Il filo conduttore della trilogia è, lo abbiamo imparato, l’accettazione di sé, della propria unicità e il rispetto per l’altro: abbiamo visto maturare questo tema nel primo film, in cui Hiccup inizia a riconoscere il proprio valore attraverso il suo legame con Sdentato, nonostante la consapevolezza della sua differenza rispetto al modello canonico del vichingo, rappresentato da suo padre Stoick. Abbiamo seguito il percorso della coppia di protagonisti nel secondo film, in cui, attraverso l’esperienza del lutto e della perdita, Hiccup e la sua Furia Buia accettano di doversi assumere la responsabilità di guidare i loro rispettivi popoli; e, ancora in questo terzo film, la crescita dei due personaggi procede portandoli nel mondo degli adulti, nel bene e nel male.
Come in ogni grande storia che vede al comando due personaggi, la parabola che attraversano deve procedere in parallelo: Sdentato e il suo compagno umano sono caricati di una grande responsabilità, la cura delle due comunità, umana e non, a loro affidate, con tutte le difficoltà che una convivenza recente può portare. Al di là dell’entusiasmo, sono infatti i problemi pratici di gestione di una piccola isola sovraffollata a tenere occupata la mente di Hiccup e dei suoi (soprattutto dei personaggi più pratici del gruppo, Skaracchio e Astrid). Essere un capo vuol dire anche mettere da parte le proprie necessità davanti a quelle del gruppo, e questa sarà una lezione amara da rendere propria, per i due protagonisti.

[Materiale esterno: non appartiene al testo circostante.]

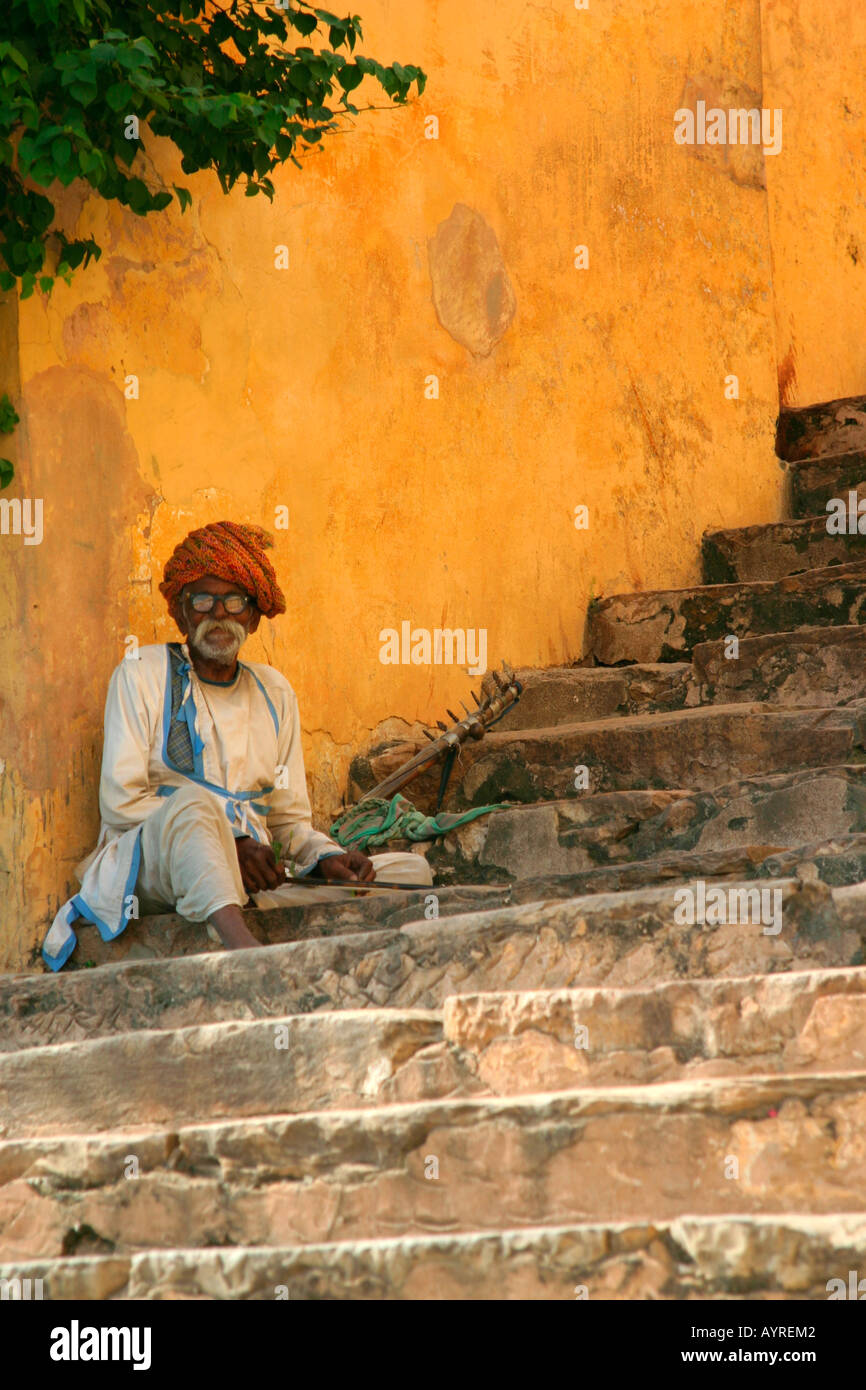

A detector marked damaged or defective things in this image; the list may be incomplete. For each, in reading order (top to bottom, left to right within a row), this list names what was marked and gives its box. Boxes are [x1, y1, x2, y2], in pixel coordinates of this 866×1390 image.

cracked wall surface [0, 0, 861, 967]
peeling paint patch [428, 207, 514, 361]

Sdentato deve, da un lato, recuperare la sua parte ferina: abituato a vivere tra gli uomini, deve imparare a comunicare con l’unico altro rappresentante della sua specie, la tanto desiderata Light Fury (Furia Chiara, nella resa italiana). La goffaggine di Sdentato nei suoi approcci all’altro sesso, che già avevamo avuto modo di constatare nei trailer, si lega alla sua iniziale incapacità di capire la diffidenza della Furia Chiara verso il mondo degli umani. Un vero Richiamo della Foresta, che porta il drago a dover compiere una scelta tra il fedele compagno di una vita e la promessa di una compagna per la vita futura.
Hiccup, da parte sua, è impegnato a cercare una soluzione che gli permetta di mantenere integro il suo sogno, quello della convivenza tra umani e draghi, che ha segnato la sua accettazione nella comunità: può avere un’identità, come persona e come capo, se ciò per cui ha lavorato per tutta la vita verrà disfatto? Hiccup è mosso dal bisogno, nella prima parte del film: bisogno di mantenere l’identità che si è creato e di avere accanto a sé il suo compagno. È questo bisogno fortissimo che gli impedisce di crescere e di maturare, un passaggio reso, nel film, dal rimandare il tanto atteso matrimonio con la sua amata Astrid, a sua volta compagna di Hiccup fin dalle prime avventure. E così, alla fine, vediamo Sdentato che vola da solo, senza più bisogno di Hiccup e, dall’altra parte, Hiccup, senza la sua protesi e senza l’appoggio (anche fisico) del suo amico, che si muove, a fatica ma da solo, e che senza draghi, ma con il suo ingegno e con l’aiuto degli altri umani, riesce a tirare fuori le qualità che lo rendono se stesso: non un ragazzo che si affida a un altro, ma un capo dotato di carisma, testardaggine e un’inventiva fuori dal comune.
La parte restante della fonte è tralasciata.